Studio album by Hermit and the Recluse
- Released: August 18, 2018
- Studios: Seaside Lounge (Brooklyn, NY)
- Genre: Abstract hip-hop
- Length: 32:42
- Label: Obol for Charon
- Producer: Animoss

Ka chronology
| Honor Killed the Samurai (2016) | Orpheus vs. the Sirens (2018) | Descendants of Cain (2020) |

= Orpheus vs. the Sirens =

Orpheus vs. the Sirens is a studio album by Brownsville rapper Ka and Los Angeles producer Animoss, together known as Hermit and the Recluse. It was released on August 18, 2018 via Obol for Charon Records. Recording sessions took place at Seaside Lounge in Brooklyn. Production was handled entirely by Animoss. It features a single guest appearance from Citizen Cope.
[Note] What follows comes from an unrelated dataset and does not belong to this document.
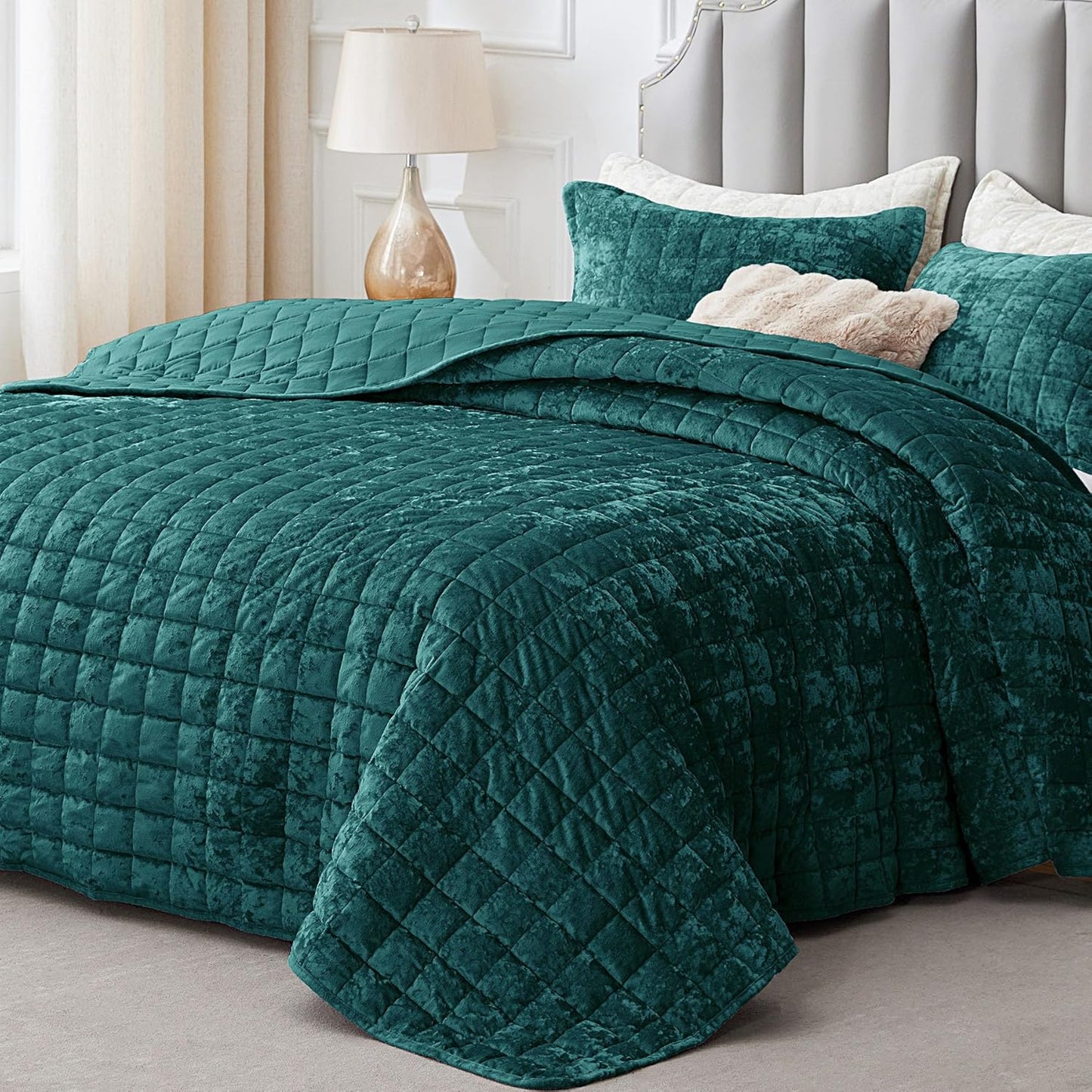 Luxurious Velvet Quilt Set Queen Size for Cozy Elegance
The album was promoted by three music videos: "Sirens", directed by Alina Popescu, "Argo" and "Oedipus", both directed by Animoss and Ka.

==Critical reception==

Orpheus vs. the Sirens was met with generally favorable reviews from critics. At Album of the Year, which assigns a normalized rating out of 100 to reviews from mainstream publications, the album received an average score of 83 based on five reviews.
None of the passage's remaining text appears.